El porcentaje permite a los investigadores manejar una cifra que ronda los 17.000 niños y adolescentes. El cálculo no representa, sin embargo, el número de menores que permanecieron posteriormente en la ciudad, ya que muchos cruzaron acompañados de sus padres y regresaron después.
Esto explica la enorme distancia respecto a los datos facilitados por el Ejecutivo, que sitúan en 1.478 los menores acogidos en los recursos habilitados. Se trata, por tanto, de magnitudes distintas: la Policía intenta reconstruir cuántos atravesaron la frontera, mientras que la cifra gubernamental refleja aquellos que terminaron siendo atendidos en los centros.
La estimación forma parte del trabajo realizado por el Centro Nacional de Inmigración y Fronteras (CENIF) a petición de la juez María Tardón. Además de su informe principal, la unidad aportó otros documentos confeccionados tanto antes como después de la crisis.
La reconstrucción policial sitúa el volumen total de entradas en una horquilla de 75.000 a 85.000 personas. Para aproximarse a esa cantidad, los especialistas tuvieron que recurrir a estimaciones debido a la situación registrada en El Tarajal, donde el sistema habitual de control fronterizo estuvo prácticamente fuera de funcionamiento durante cerca de diez horas.

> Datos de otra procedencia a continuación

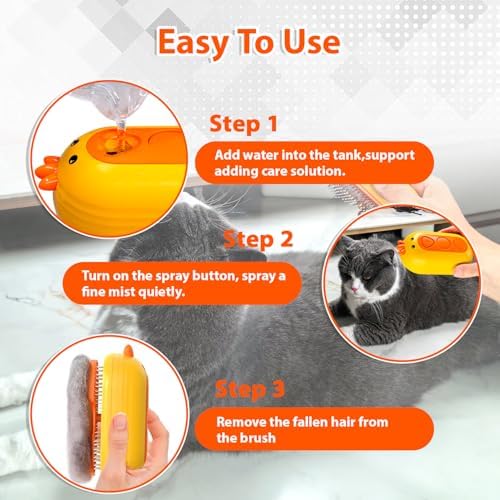 Cat Steam Brush with Release Button, 3 in 1 Pet Spray Water Comb - Image 6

La reconstrucción policial sitúa el volumen total de entradas en una horquilla de 75.000 a 85.000 personas
Uno de los elementos estudiados para reconstruir aquellas jornadas fue la evolución de los perfiles que llegaban a territorio español. Los agentes distinguen tres momentos diferentes, pero es el comprendido entre las once de la mañana y las diez de la noche del 30 de julio el que resulta fundamental para entender la cifra de menores.
Durante esas horas se produjo la mayor concentración de entradas y aumentó considerablemente la presencia de familias, mujeres y niños pequeños. La Policía calcula que los menores representaban entre el 18% y el 25% de ese flujo, porcentaje del que se obtiene la estimación de unos 17.000.
Antes de ese momento, la situación presentaba características diferentes. Las primeras entradas estuvieron protagonizadas principalmente por jóvenes de entre 15 y 25 años, muchos de ellos provistos de material para desplazarse por el agua. El informe sitúa entre un 95% y un 98% la presencia de ciudadanos marroquíes en esa fase.
Ya durante la noche y a lo largo del día 31, el número de personas descendió y volvió a predominar un perfil parecido al inicial, compuesto fundamentalmente por jóvenes marroquíes preparados para efectuar el cruce a nado.
La documentación policial ofrece así una estimación del número total de menores que atravesaron la frontera, independientemente de cuánto tiempo permanecieran en España. Esa diferencia resulta clave para interpretar los aproximadamente 17.000 calculados por los investigadores frente a los 1.478 que terminaron acogidos en los recursos habilitados por las autoridades.